> _MATERIAL PROVIDED_:
• • • • •

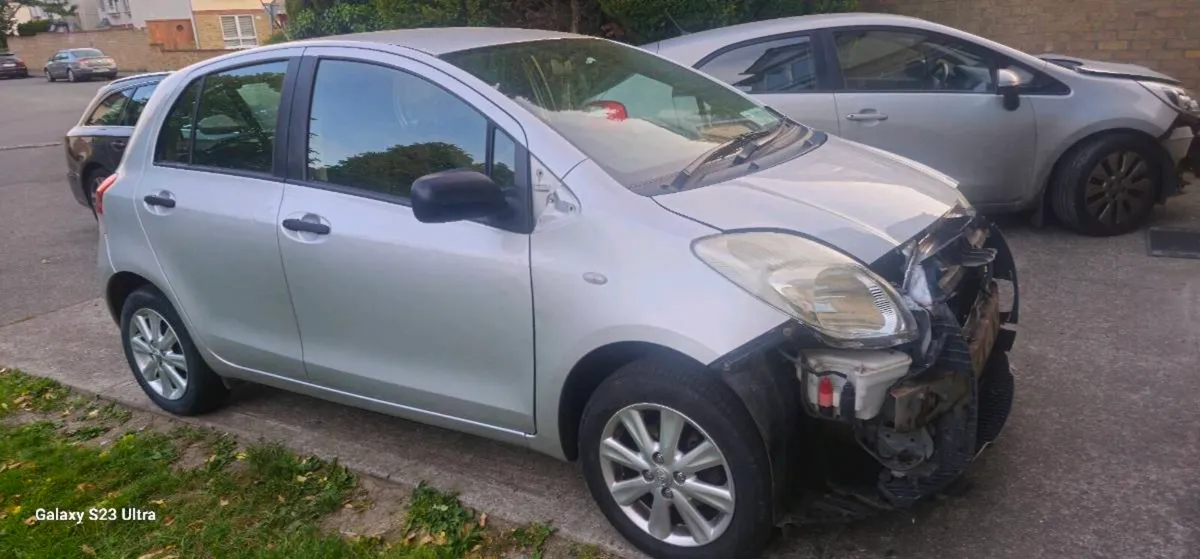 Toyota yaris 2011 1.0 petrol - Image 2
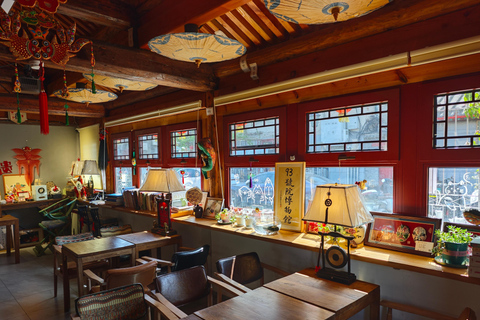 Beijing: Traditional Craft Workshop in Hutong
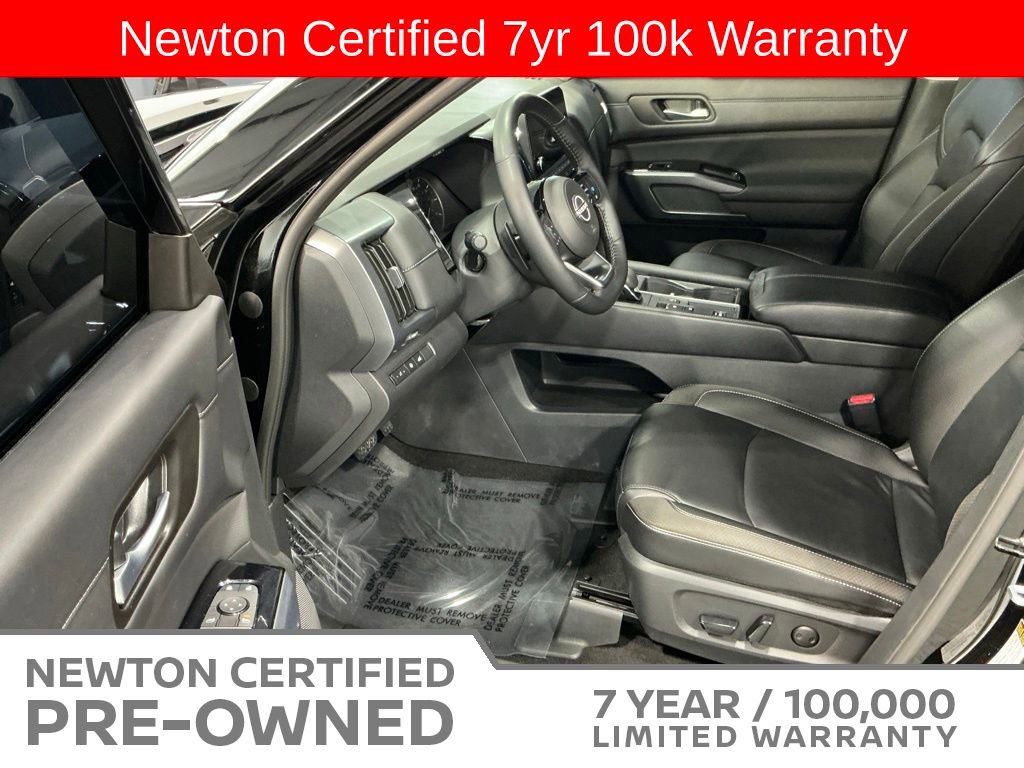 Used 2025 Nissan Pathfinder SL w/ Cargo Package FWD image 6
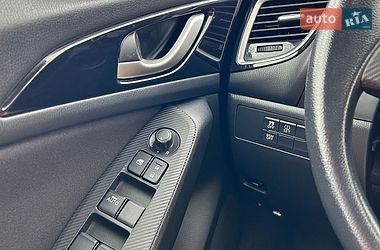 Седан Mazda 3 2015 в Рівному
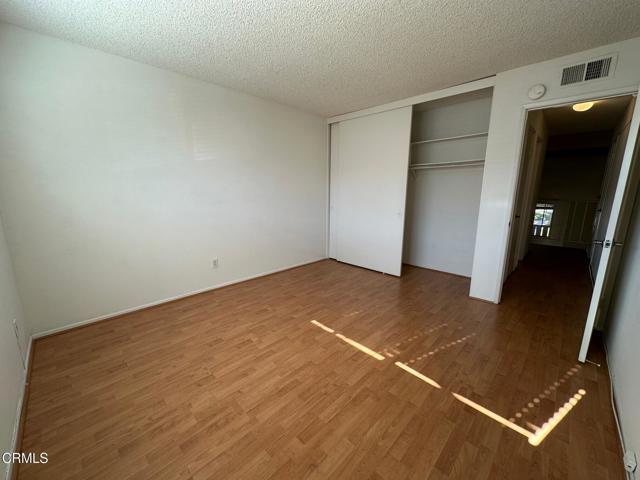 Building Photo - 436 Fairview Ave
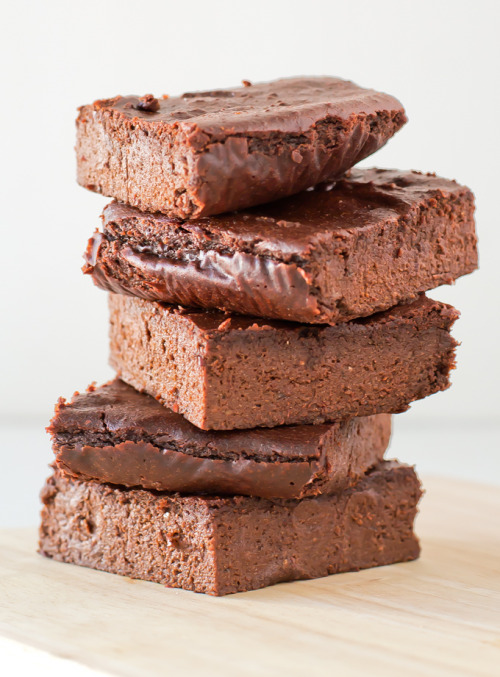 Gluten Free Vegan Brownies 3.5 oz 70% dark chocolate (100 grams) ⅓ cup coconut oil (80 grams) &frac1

• • • • •

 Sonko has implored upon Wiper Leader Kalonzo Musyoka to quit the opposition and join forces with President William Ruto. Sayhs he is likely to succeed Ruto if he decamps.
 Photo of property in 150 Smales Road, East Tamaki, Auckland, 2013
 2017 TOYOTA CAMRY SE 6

• • • • •

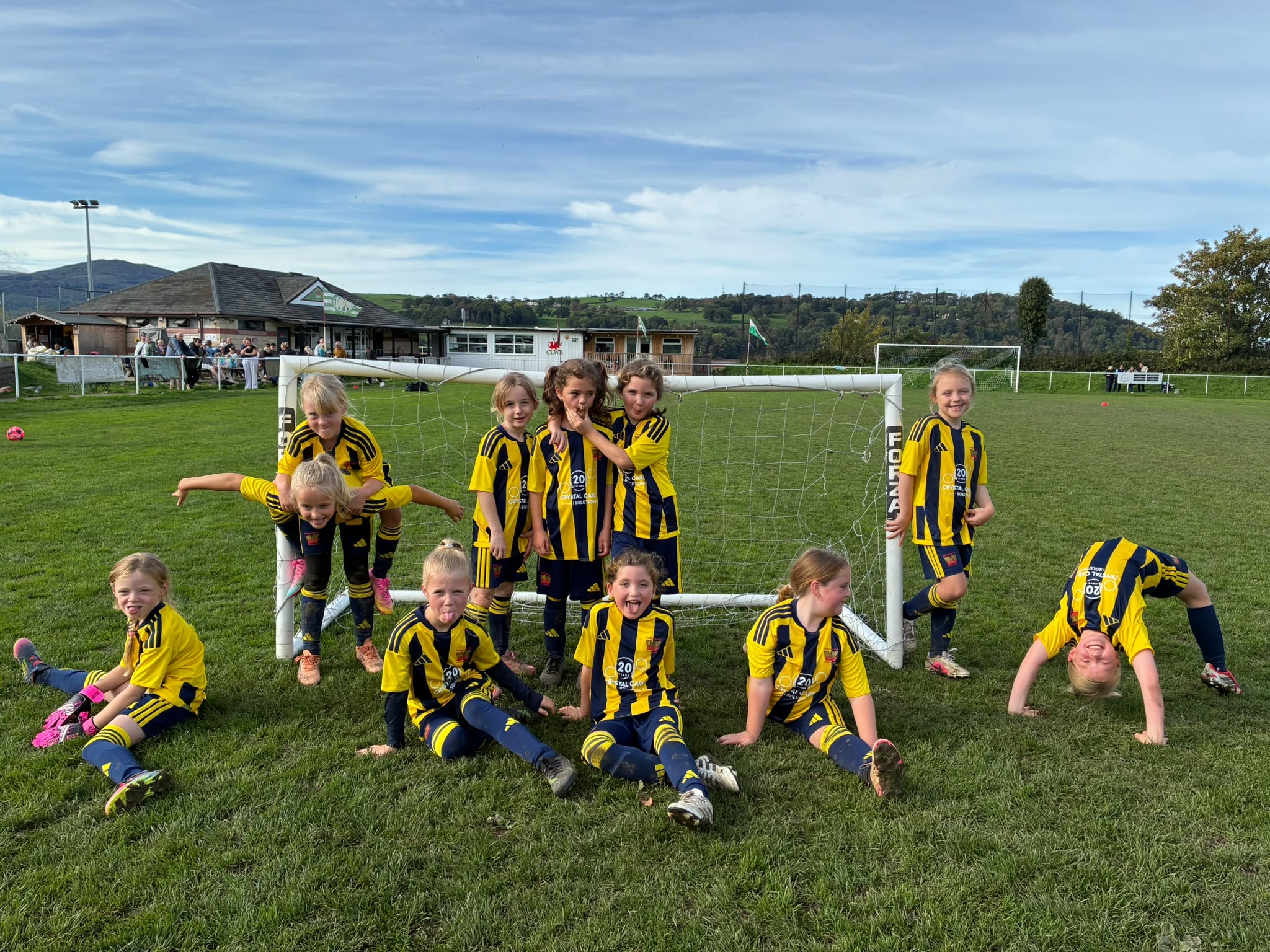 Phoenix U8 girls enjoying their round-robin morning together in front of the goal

• • • • •

> _YOUR INSTRUCTIONS_:
Begin at the line that has "Sonko has implored" in the entries above; stop after the line that has "2017 TOYOTA CAMRY SE 6". Transcribe exactly those lines and no others.

> _EXERCISE OUTPUT_:
 Sonko has implored upon Wiper Leader Kalonzo Musyoka to quit the opposition and join forces with President William Ruto. Sayhs he is likely to succeed Ruto if he decamps.
 Photo of property in 150 Smales Road, East Tamaki, Auckland, 2013
 2017 TOYOTA CAMRY SE 6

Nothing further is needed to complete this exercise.